◆ **Exercise details**: Retype each entry exactly as written, and keep the pictures out of the copy.
-- Supplied records follows --
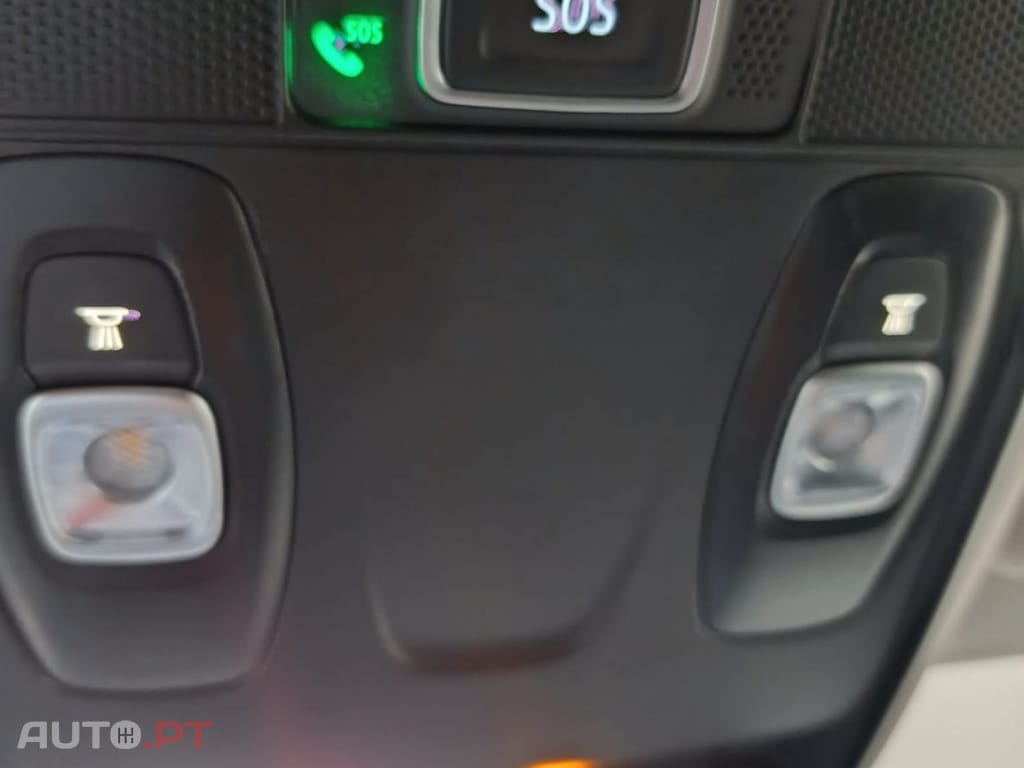 Renault Captur 1.0 TCe Intense 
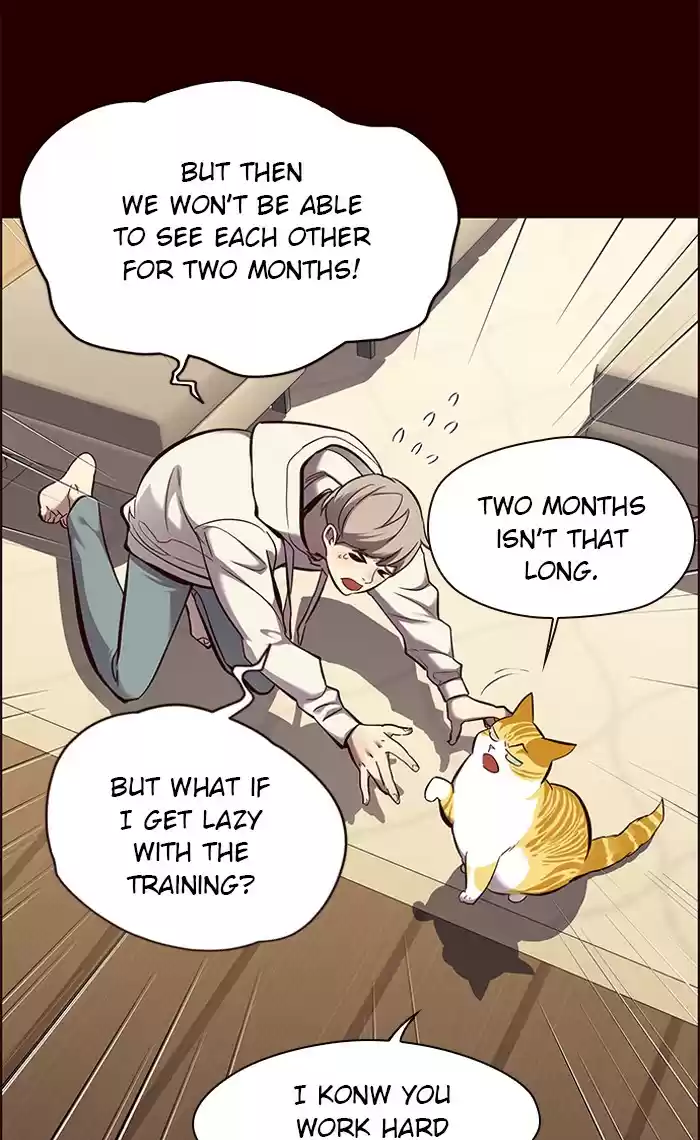 Eleceed Chapter 67: Episode 67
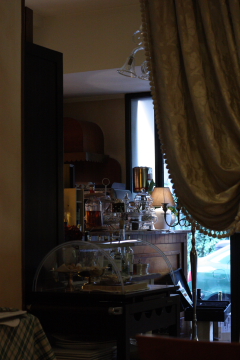 c0339296_18113350.jpg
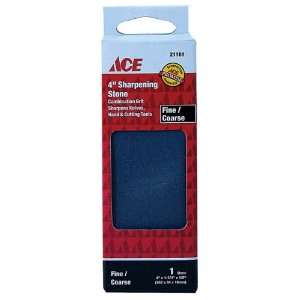 7 each Ace Combination Sharpening Stone (21161)
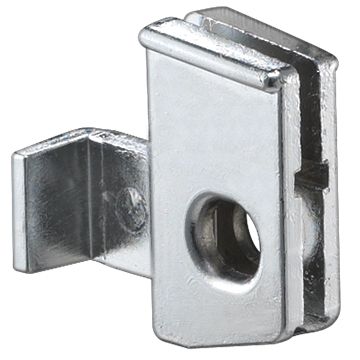Medart Locker Handle Lift Only rh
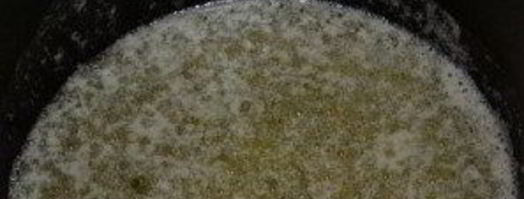 лазанья с мясом. Шаг 13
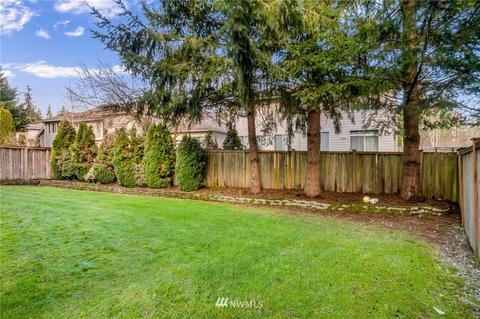 16319 33rd Ave SE, Mill Creek, WA 98012 photo 32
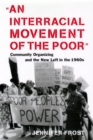 Image for An Interracial Movement of the Poor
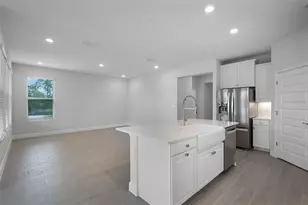 11899 Shine View Ln, Winter Garden, FL 34787 - Photo 5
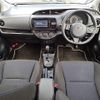 toyota vitz 2016 quick_quick_DBA-NSP130_NSP130-2238719 image 3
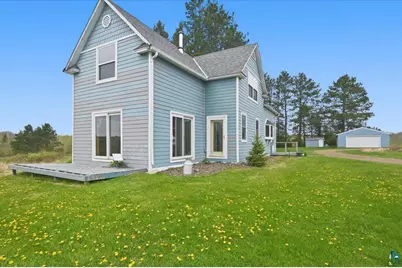 6661 County Rd 6, Kettle River, MN 55757 - Photo 35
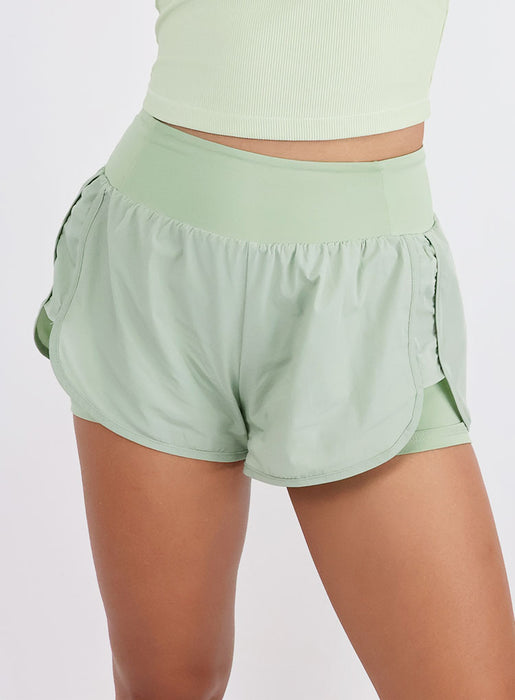 SWIFT SHORTS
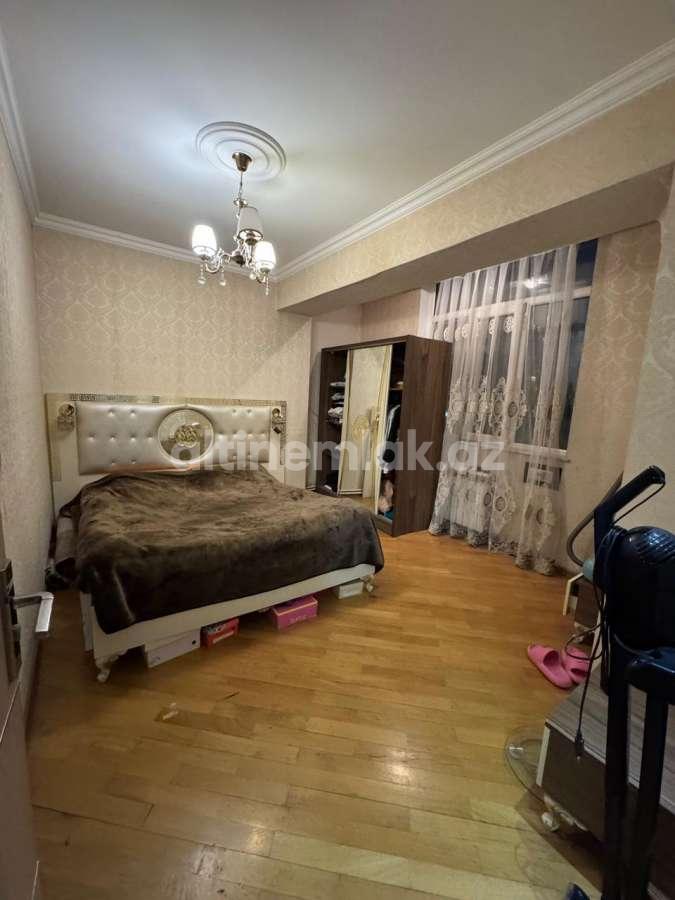 Продаётся, новостройка, 2-комнаты, 70 m²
-- Supplied records concluded --
◆ **Task solution**:
 Renault Captur 1.0 TCe Intense 
 Eleceed Chapter 67: Episode 67
 c0339296_18113350.jpg
 7 each Ace Combination Sharpening Stone (21161)
Medart Locker Handle Lift Only rh
 лазанья с мясом. Шаг 13
 16319 33rd Ave SE, Mill Creek, WA 98012 photo 32
 Image for An Interracial Movement of the Poor
 11899 Shine View Ln, Winter Garden, FL 34787 - Photo 5
 toyota vitz 2016 quick_quick_DBA-NSP130_NSP130-2238719 image 3
 6661 County Rd 6, Kettle River, MN 55757 - Photo 35
 SWIFT SHORTS
 Продаётся, новостройка, 2-комнаты, 70 m²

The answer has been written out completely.